The objective function (1) expresses the total costs consisting of the following: (i) setup costs, (ii) variable operating costs, (iii) purchase/collection costs, (iv) routing costs, and (v) holding costs. Constraints (2) to (5) are the inventory balancing constraints. Constraints (2) and (3) are provided to balance the production and recycling inventories at the facility, whereas Constraints (4) and (5) ensure the inventory levels at other nodes.

Constraints (6) to (10) are the distribution constraints. Constraint (6) ensures that a truck cannot pick up a number of products exceeding the truck capacity when a node is visited. Constraint (7) forces delivery quantities to be transferred to provide incoming-outgoing balance. Similarly, Constraint (9) imposes the same for returned products. Constraint (8) ensures that total delivery quantities are taken from the central depot. Similarly, Constraint (10) imposes the same for returned products. Constraints (11) to (14) are for vehicle routing. Constraint (11) ensures route continuity. Constraint (12) ensures that the travel does not exceed the tour length. Constraints (13) and (14) ensure that a tour should start and end at the central depot. Typical sub-tour breaking constraints are not needed in the model, because Constraints (7) to (10) are used for demand fulfilment, as used previously in [9].

Constraints (15) to (18) are the production constraints. If production (recycling) takes place at a facility, it is bounded by a production (recycling) capacity. This is ensured by Constraints (15) and (16). As mentioned previously, only limited recycled quantities can be used for production, which is imposed by Constraint (17). Constraint (18) is a specific production rate constraint. For instance, in margarine production, the amount of crude oil used is mixed with water, and therefore, the actual production quantities are greater than the used raw material quantities. Therefore, the used raw materials (new or recycled) are multiplied by a production coefficient to find the production quantities.

Constraints (19) and (20) force the system into bound inventories within permitted limits for each point. Finally, Constraints (21) to (23) are the valid ranges of decision variables.

This model is known as NP-hard, even if it is reduced to a classical PRP or vehicle routing problem (VRP), which are also known as NP-hard.

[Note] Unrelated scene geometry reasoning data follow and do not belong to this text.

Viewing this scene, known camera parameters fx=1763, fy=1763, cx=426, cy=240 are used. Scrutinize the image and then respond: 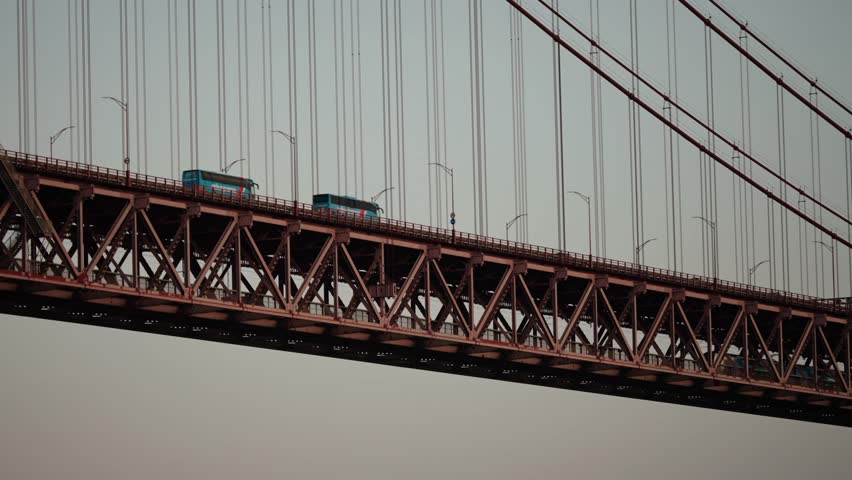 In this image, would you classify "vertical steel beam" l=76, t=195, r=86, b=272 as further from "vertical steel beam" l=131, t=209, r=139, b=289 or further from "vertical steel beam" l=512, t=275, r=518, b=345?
"vertical steel beam" l=512, t=275, r=518, b=345

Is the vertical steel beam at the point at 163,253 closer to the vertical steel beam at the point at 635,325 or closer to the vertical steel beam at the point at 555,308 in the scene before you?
the vertical steel beam at the point at 555,308

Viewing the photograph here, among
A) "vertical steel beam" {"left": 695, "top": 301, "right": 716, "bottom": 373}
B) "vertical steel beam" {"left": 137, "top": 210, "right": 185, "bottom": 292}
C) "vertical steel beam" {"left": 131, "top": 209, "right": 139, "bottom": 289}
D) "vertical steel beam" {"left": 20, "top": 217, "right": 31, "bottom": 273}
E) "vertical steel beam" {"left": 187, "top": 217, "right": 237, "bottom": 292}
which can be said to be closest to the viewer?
"vertical steel beam" {"left": 20, "top": 217, "right": 31, "bottom": 273}

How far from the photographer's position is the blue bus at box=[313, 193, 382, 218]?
119 m

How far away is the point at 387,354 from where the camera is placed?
404 ft

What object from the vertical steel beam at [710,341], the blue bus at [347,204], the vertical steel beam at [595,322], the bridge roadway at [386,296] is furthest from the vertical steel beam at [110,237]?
the vertical steel beam at [710,341]

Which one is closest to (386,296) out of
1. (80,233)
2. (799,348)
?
(80,233)

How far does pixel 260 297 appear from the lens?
110312 mm

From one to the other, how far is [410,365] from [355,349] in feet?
21.8

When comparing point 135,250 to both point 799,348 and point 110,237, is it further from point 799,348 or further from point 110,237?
point 799,348

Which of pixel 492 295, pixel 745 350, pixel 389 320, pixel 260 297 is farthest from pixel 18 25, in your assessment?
pixel 745 350

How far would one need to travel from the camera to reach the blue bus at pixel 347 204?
391ft

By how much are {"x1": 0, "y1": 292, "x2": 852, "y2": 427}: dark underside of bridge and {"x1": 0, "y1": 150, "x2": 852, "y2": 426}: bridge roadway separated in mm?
162

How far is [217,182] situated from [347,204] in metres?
13.2

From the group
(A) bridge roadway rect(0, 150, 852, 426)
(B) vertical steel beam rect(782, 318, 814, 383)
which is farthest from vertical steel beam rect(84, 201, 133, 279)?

3.3 Two-stage modelling approach

As shown in previous studies, the coordinated PRP model is efficient for classical supply chains when production and distribution issues are separated. However, we focus on investigating whether this model is effective when forward and reverse flows are considered in an integrated manner. In the classical way, the forward and reverse PRP models are solved separately. First, the forward PRP model is solved, and production quantities and distribution planning decisions are acquired from this model; then, possible recycling and collection decisions are made based on these results. With this approach, the forward PRP (FPRP) is solved first, and then, the reverse PRP (RPRP) is solved by using the production plan acquired from the FPRP.

3.3.1 Forward production routing problem (FPRP)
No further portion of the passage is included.